The process is said to be under control if plotting statistic is between LCL2 and UCL2. Figures 6-8 are drawn using repetitive sampling. Figure 6 monitors the elective cesarean rate using repetitive sampling, Figure 7 presents monitoring of emergency cesarean rate using repetitive sampling, and Figure 8 depicts the monitoring of total cesarean rate using repetitive sampling. In Figure 4, it can be seen that for elective rate, several hospitals fall beyond LCL2 and UCL2. It is clearly seen that in seven hospitals, pre-labor obstetric practices warrant review. From Figure 5, it can be seen that for emergency rate, again several hospitals are beyond LCL2 and UCL2. It is clearly seen that in eight hospitals, labor practices should be reviewed. In Figure 6 which shows the overall data, indicates that seven hospitals prelabor obstetric practices warrant review. Additionally it is observed in Figure 8 from repetitive sampling control chart that the hospitals at serial numbers 1, 2, and 3 have less percentage of cesarean cases than the hospitals at serial numbers 16, 17, and 18, and this can be due to rural-urban location of the hospitals. This fact needs more elaboration and the same is highlighted in future implications. Since the data were collected from 19 out of 20 maternity clinics for n = 19,326 (26%) cesarean deliveries in a total of 74,278 deliveries in 2009, therefore the results can be easily applicable to the entire population of cesarean cases.
— The proposed control chart for monitoring the elective cesarean rate.
— The proposed control chart for monitoring the emergency cesarean rate.
— The proposed control chart for monitoring the total cesarean rate.
Application of appropriate statistical tools coupled with correct interpretation is key that comprise a study and render its results trustworthy and applicable in healthcare.
A previous study revealed that only two hospitals were outside the 2σ control limits, but when Shewhart control charts were employed, it specifically pinpointed the area i.e. elective or emergency option and the maternity clinic where review is warranted. Data is not an opinion but if interpreted from the right perspective can become an effective tool for molding or driving public opinion in healthcare.
Results of the current study will be beneficial to mothers, babys, fathers, hospital administration, and last but not, least the community at large.
It was observed that numerical figures provide a cursory probe but as the Clustered Bar charts and Shewhart control charts were incorporated, a more meaningful situation has emerged.
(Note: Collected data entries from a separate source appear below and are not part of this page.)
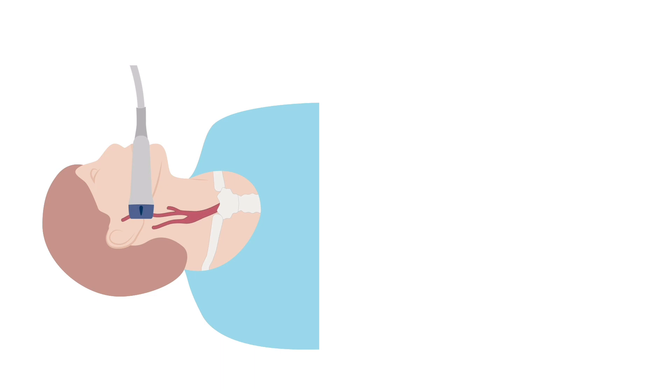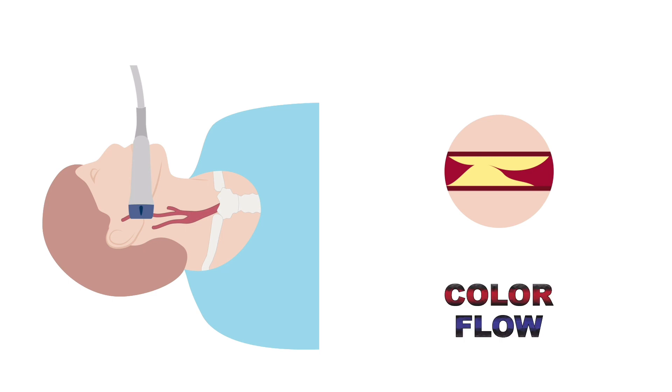In some cases, such as when there is extensive disease or heavy calcification, switching on the colour flow may help to identify the vessels and the presence of disease.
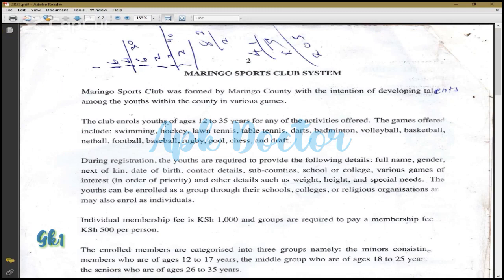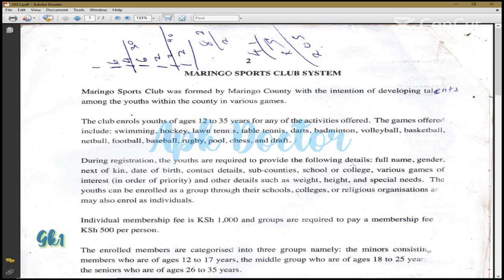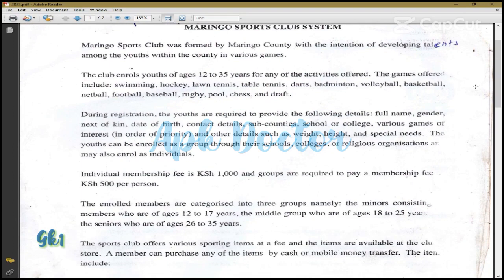So the question: Maringo Sports Club is formed by Maringo County with the intention of developing talents among the youths. They recruit youths aged 12 to 35 years for various activities. The games offered include swimming, hockey, lawn tennis, table tennis, volleyball, basketball, netball, football, baseball, pool, chess, and drafts. The first thing you'll identify is that you'll have a table called Games. During registration, youths are required to provide details — so the first automatic table will be Games or Sports Offered.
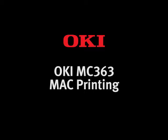Hi and welcome to Okidata Australia. In this short video we will show you how to install drivers and print from a Mac OSX 10.12 operating system.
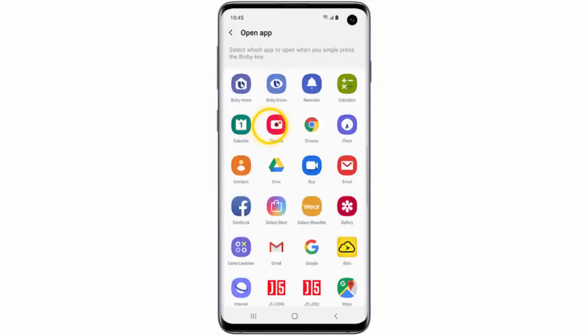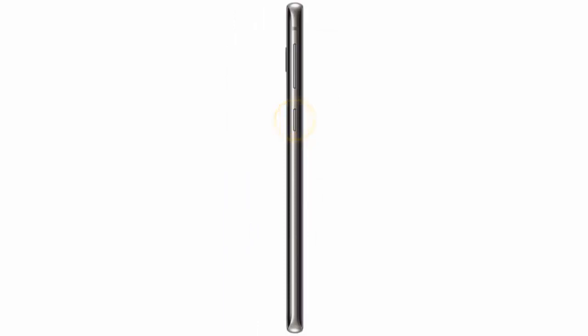In this example I will select Open App. Then you should choose the app you would like to assign to the Bixby key. In this example I will choose Camera. Now if you want to launch the app you've chosen, just press the Bixby key one time.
Continuous monitoring of the pre-labor obstetric practices will not only enhance the quality of service in the maternity clinics, but will also encourage the medical staff for periodic reviewing of the said practices.
In future, data collection should also assess the educational, social economic condition, and rural-urban background of the patients. It is recommended that the results from the present and the ongoing research may always be looked into, along with the league tables in order to have a meaningful insight into the issue of pre-labor obstetric practices.
This article was funded by the Deanship of Scientific Research (DSR) at King Abdulaziz University, Jeddah. The author, Muhammad Aslam, therefore, acknowledgea with thanks, DSR technical and financial support.